The position of genes relative to transcription initiation sites can also determine the fate of duplicate gene copies after a gene duplication event. If one duplicate copy is not associated with an appropriate promoter, then this copy automatically becomes a pseudogene and will be lost. Lavrov et al. (2002) explained the rearrangements observed in two millipede genomes in terms of duplication followed by nonrandom loss of genes determined by the transcription direction. This mechanism can give rise to long strings of consecutive genes on the same strand. In fact, there are many species with gene orders where all the genes are on the same strand, including all known examples of acanthocephalans, annelids, brachiopods, cnidarians, echiurans, and platyhelminths, as well as some species of mollusks and nematodes. Many of these groups have arisen independently from ancestral orders that used both strands. It is unlikely that random reshuffling events would place all genes on one strand.

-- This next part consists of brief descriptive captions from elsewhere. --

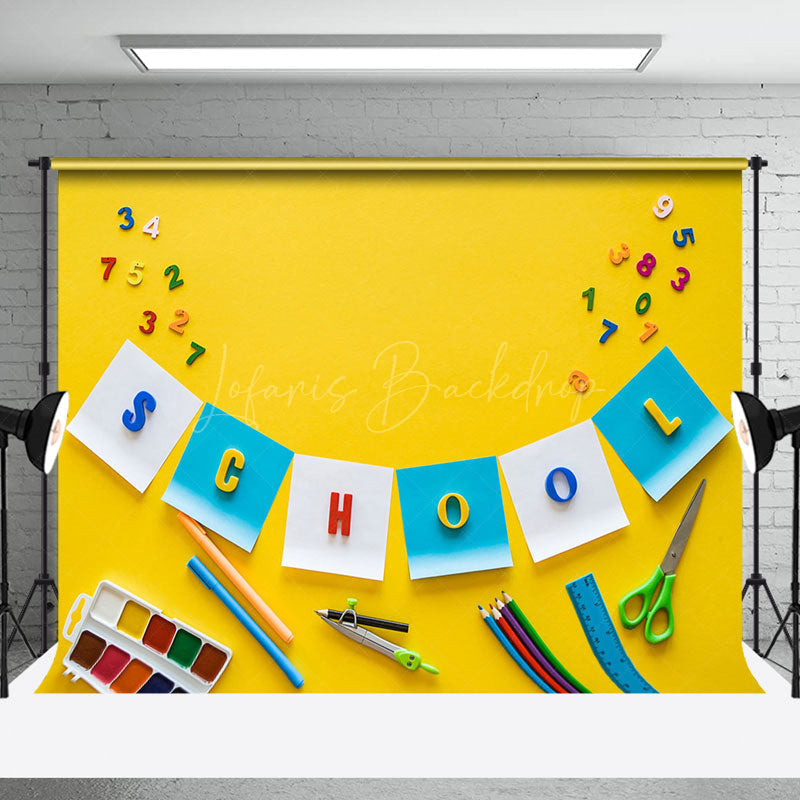 Lofaris Stationery Numbers Yellow Back To School Backdrop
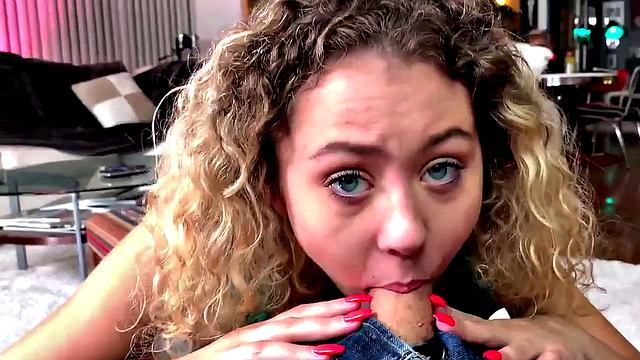 Curly teen sucking big cock in POV before cowgirl sex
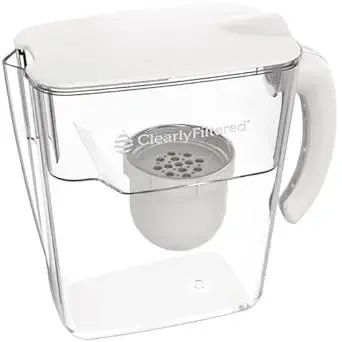 Clearly Filtered No.1 Filtered Water Pitcher/Updated Model/Targets 365+ Contaminants e.g. Fluoride Chlorine PFAS Microplastics Lead Arsenic BPA/BPS Free (Pitcher Includes 1 Filter)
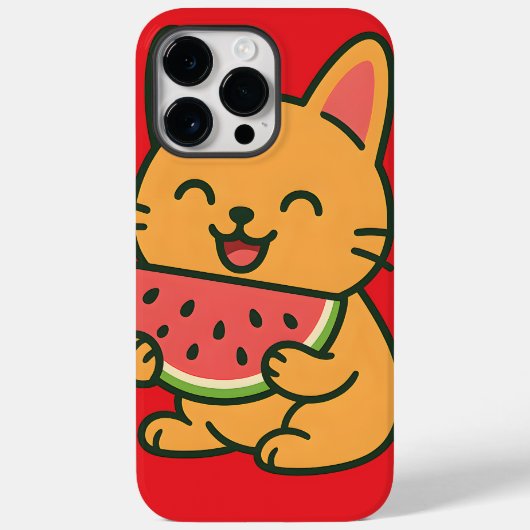 Coques Case-Mate iPhone Cute Cat Manger Watermelon - Kawaii iPhone 14 Pro (Verso)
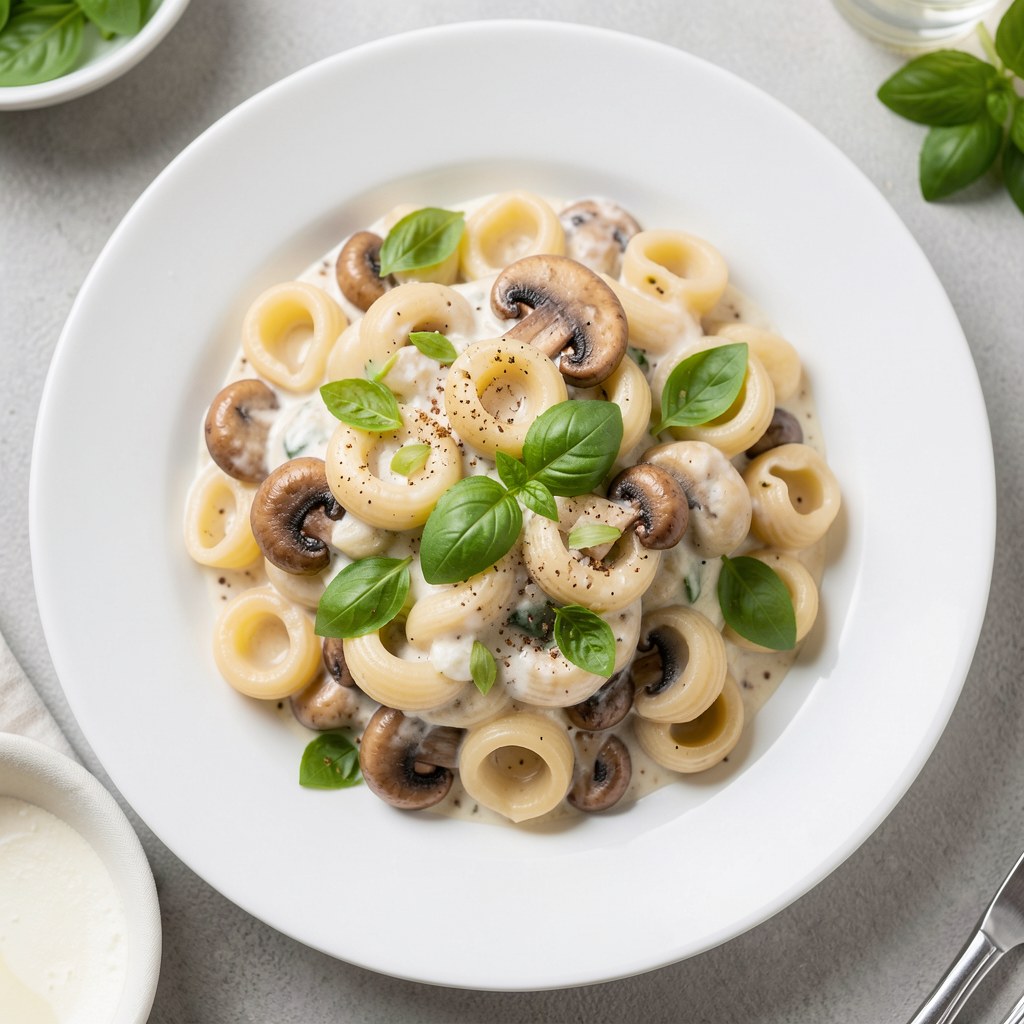 Muszle Conchiglie z pieczarkami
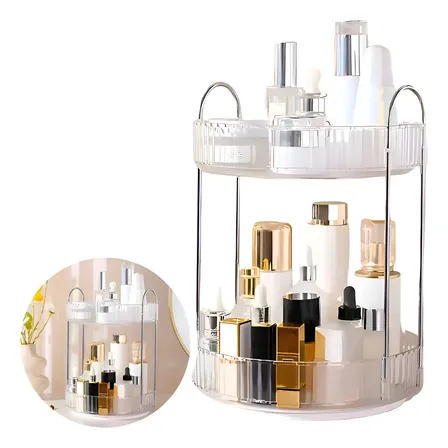 Organizador De Maquiagem Giratório Penteadeira Banheiro Luxo Cristal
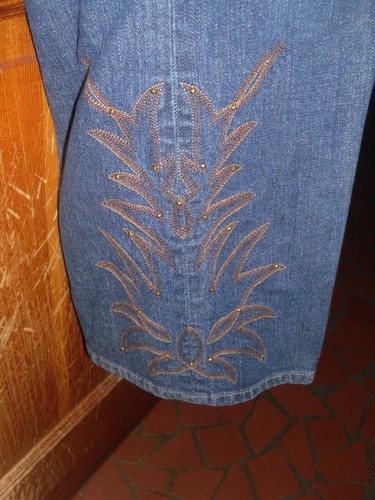 Ralph Laurens blaue Damenjeans 18W - verzierte Beine - Bild 3 von 6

Mechanisms such as this can preferentially create certain gene orders and not others, so in this sense, gene orders are nonrandom. Nevertheless, this does not demonstrate that natural selection favours one gene rearrangement over another. As shown in Table 2, there are species with gene orders having almost no regions in common with the ancestral order. There seems to be no reason why these particular scrambled gene orders should be selected. The picture that emerges is that new gene orders are created by a range of reshuffling processes, and provided they satisfy certain constraints (such as the presence of all necessary genes and the existence of appropriate transcriptional promoters and RNA processing signals), new gene orders may be considered as (nearly) neutral variants of the original order. Selection is therefore acting to weed out inviable variants rather than to select new ones. This is exactly the argument put forward by proponents of neutral evolution theory at the sequence level: many mutations are deleterious, and selection acts to eliminate these, but most of the substitutions that are fixed in populations are due to (nearly) neutral mutations. This parallel seems a fitting point on which to conclude this study of the relationship between gene sequence evolution and gene rearrangement.